• **Assignment**:
Only the lines from the one with "HORUSDY 18-Inch Rolling" through the end of the data below belong in the answer, restated word for word, pictures excluded.
━━━ Data supplied ━━━
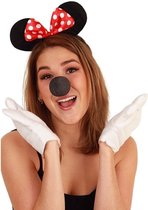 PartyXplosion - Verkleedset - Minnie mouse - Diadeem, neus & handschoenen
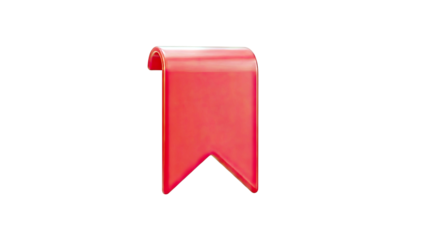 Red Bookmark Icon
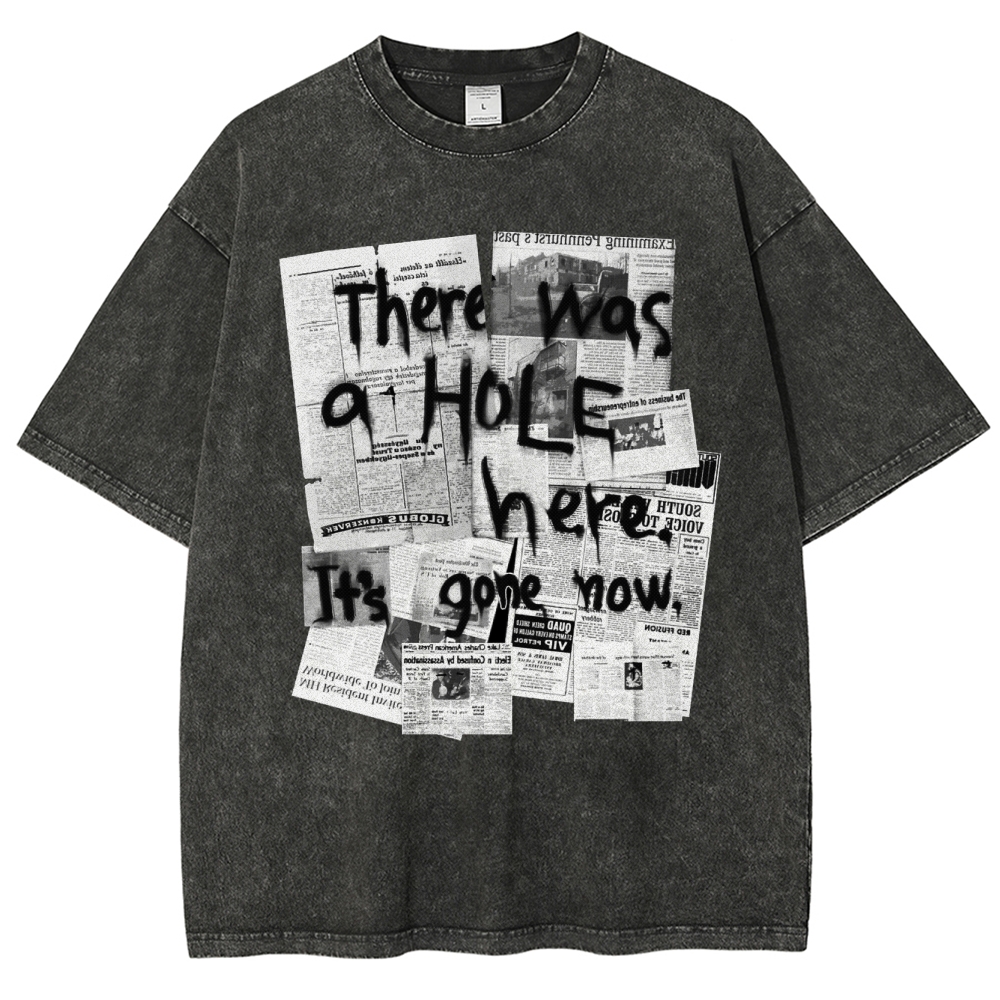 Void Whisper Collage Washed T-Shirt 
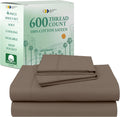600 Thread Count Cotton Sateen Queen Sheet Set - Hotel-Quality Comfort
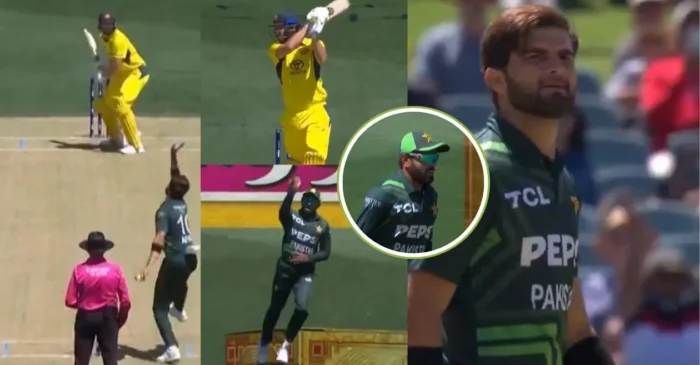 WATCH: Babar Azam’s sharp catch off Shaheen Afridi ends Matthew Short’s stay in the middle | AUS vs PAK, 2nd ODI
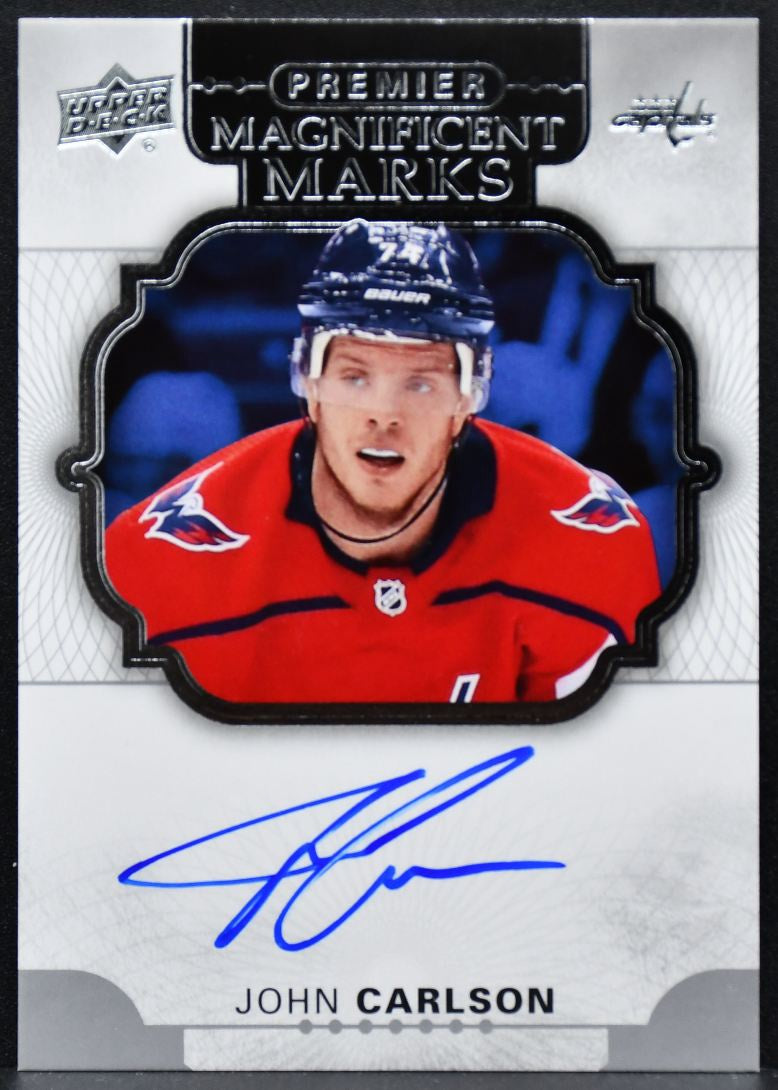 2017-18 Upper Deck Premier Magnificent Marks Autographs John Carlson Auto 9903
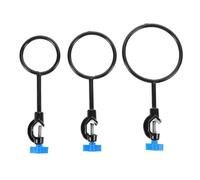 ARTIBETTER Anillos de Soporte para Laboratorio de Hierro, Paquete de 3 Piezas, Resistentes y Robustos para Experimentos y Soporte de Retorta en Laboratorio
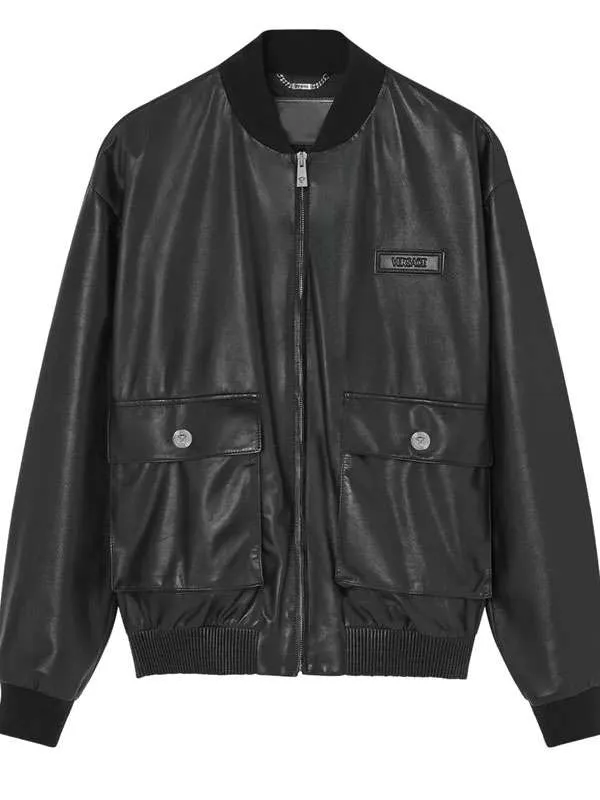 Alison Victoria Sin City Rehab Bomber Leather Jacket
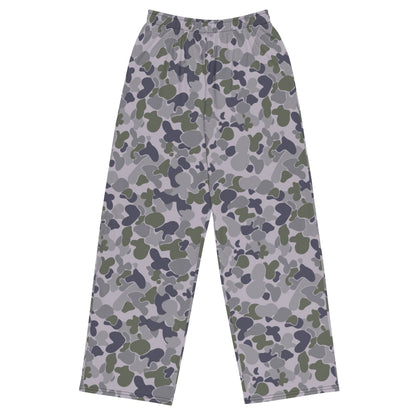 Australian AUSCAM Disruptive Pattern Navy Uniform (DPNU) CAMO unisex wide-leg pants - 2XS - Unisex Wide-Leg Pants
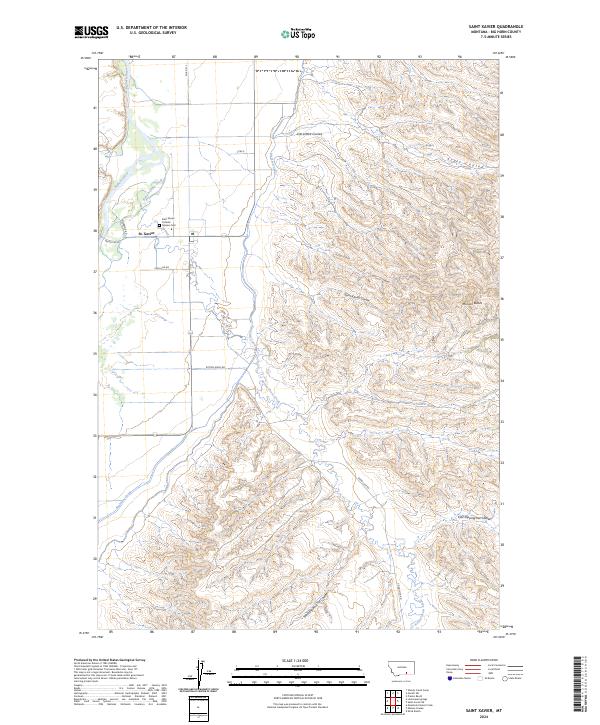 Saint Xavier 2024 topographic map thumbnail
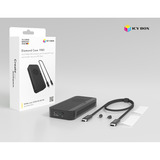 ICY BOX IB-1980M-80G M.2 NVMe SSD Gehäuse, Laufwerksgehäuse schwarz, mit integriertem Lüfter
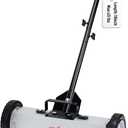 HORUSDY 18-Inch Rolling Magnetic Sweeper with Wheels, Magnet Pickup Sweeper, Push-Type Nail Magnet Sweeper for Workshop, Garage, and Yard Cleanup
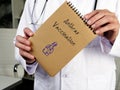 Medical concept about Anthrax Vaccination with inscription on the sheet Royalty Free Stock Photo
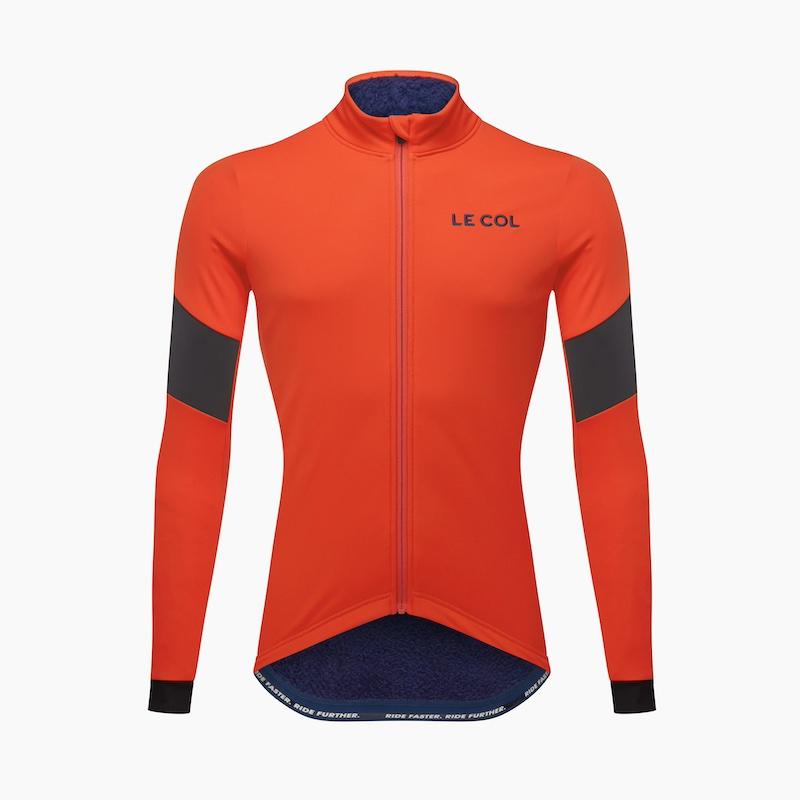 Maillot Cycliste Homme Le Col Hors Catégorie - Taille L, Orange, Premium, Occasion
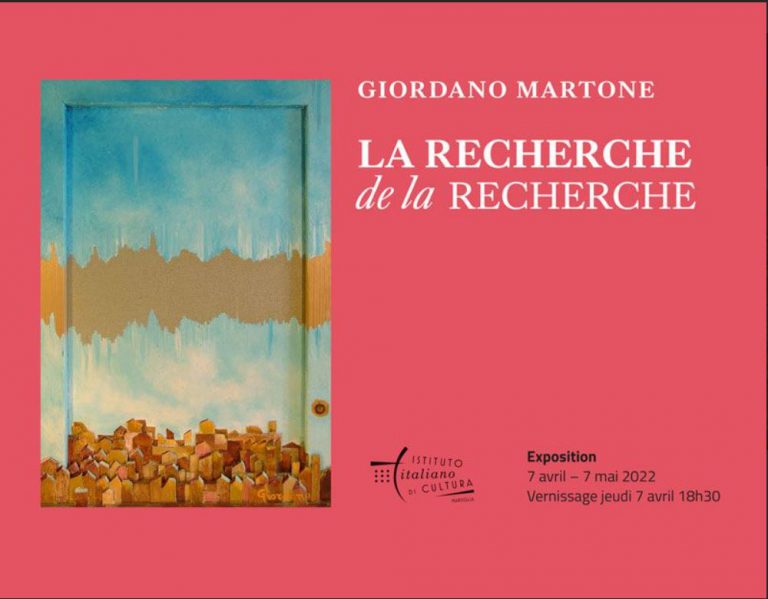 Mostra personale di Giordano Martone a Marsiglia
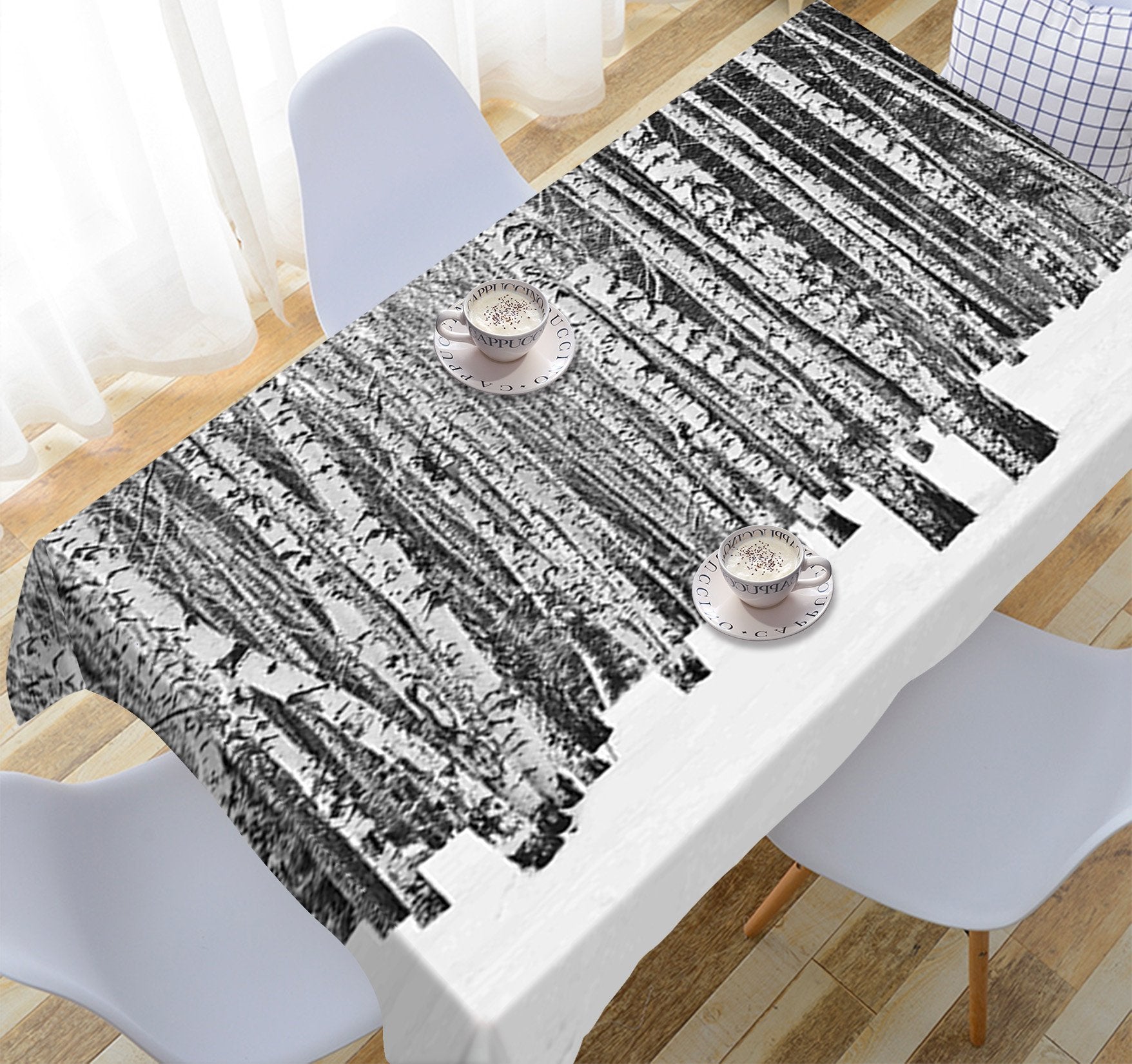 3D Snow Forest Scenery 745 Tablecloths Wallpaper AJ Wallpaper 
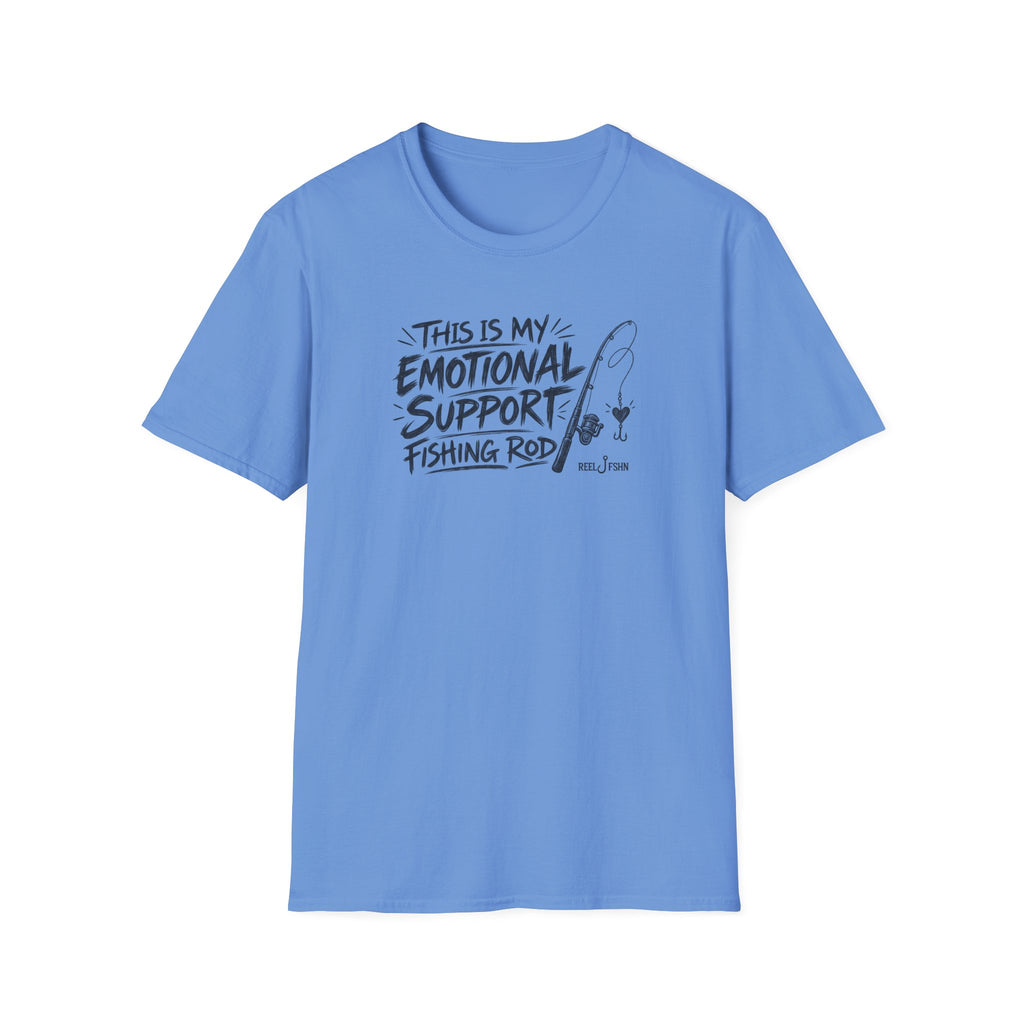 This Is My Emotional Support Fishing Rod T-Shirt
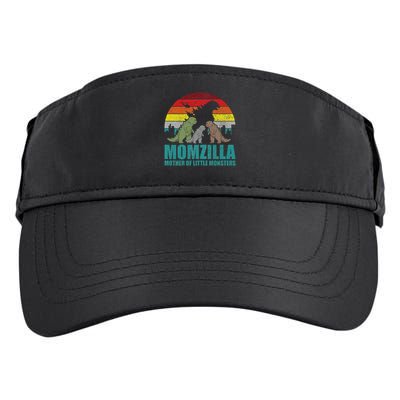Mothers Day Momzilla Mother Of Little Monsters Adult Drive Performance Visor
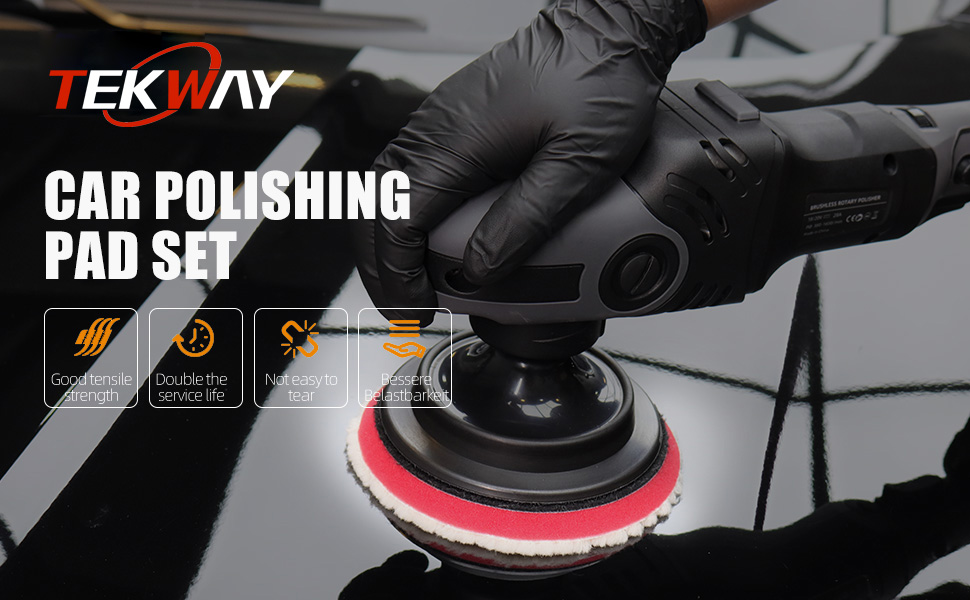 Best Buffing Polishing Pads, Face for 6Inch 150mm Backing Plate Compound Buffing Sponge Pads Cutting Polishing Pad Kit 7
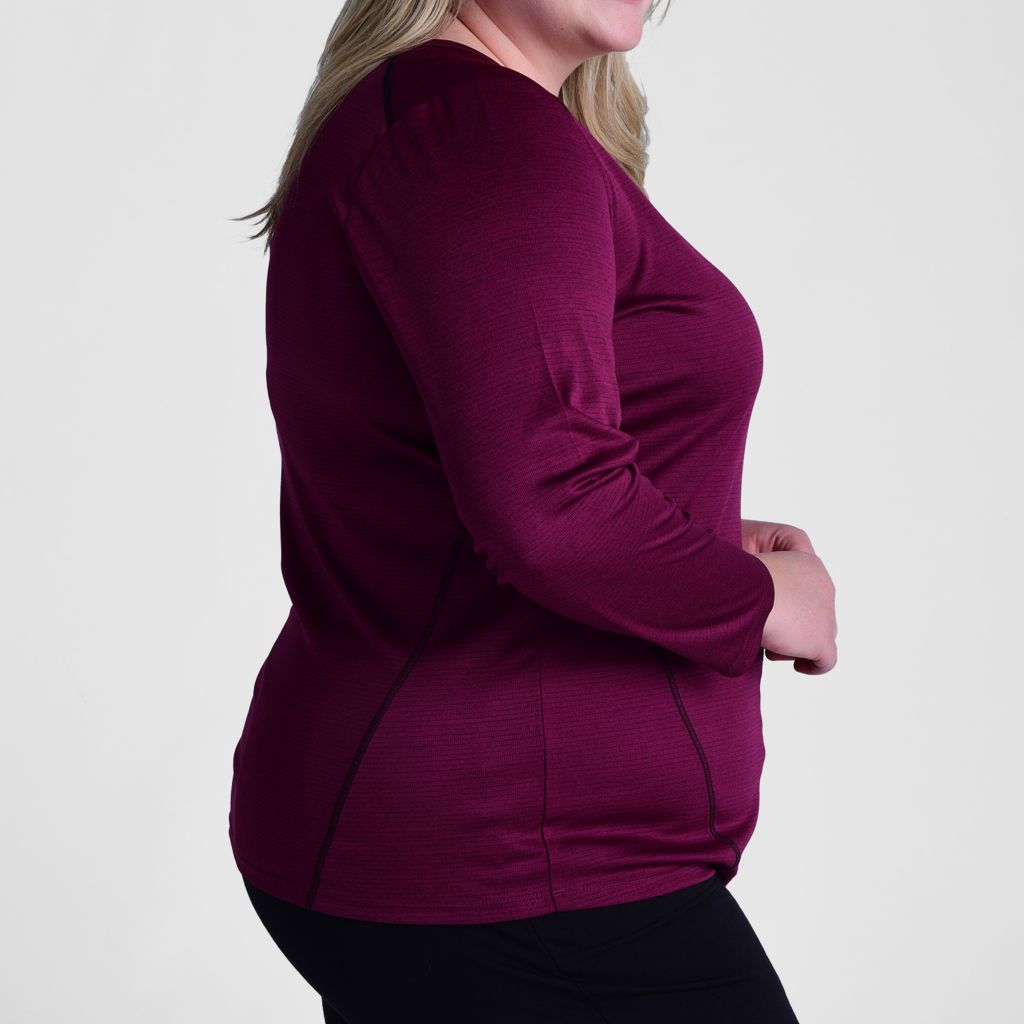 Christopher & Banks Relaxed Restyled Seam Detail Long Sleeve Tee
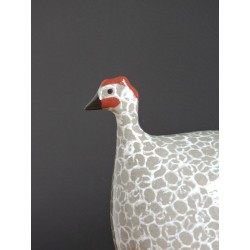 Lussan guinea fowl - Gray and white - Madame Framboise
━━━
• **Task answer**:
 HORUSDY 18-Inch Rolling Magnetic Sweeper with Wheels, Magnet Pickup Sweeper, Push-Type Nail Magnet Sweeper for Workshop, Garage, and Yard Cleanup
 Medical concept about Anthrax Vaccination with inscription on the sheet Royalty Free Stock Photo
 Maillot Cycliste Homme Le Col Hors Catégorie - Taille L, Orange, Premium, Occasion
 Mostra personale di Giordano Martone a Marsiglia
 3D Snow Forest Scenery 745 Tablecloths Wallpaper AJ Wallpaper 
 This Is My Emotional Support Fishing Rod T-Shirt
Mothers Day Momzilla Mother Of Little Monsters Adult Drive Performance Visor
 Best Buffing Polishing Pads, Face for 6Inch 150mm Backing Plate Compound Buffing Sponge Pads Cutting Polishing Pad Kit 7
 Christopher & Banks Relaxed Restyled Seam Detail Long Sleeve Tee
 Lussan guinea fowl - Gray and white - Madame Framboise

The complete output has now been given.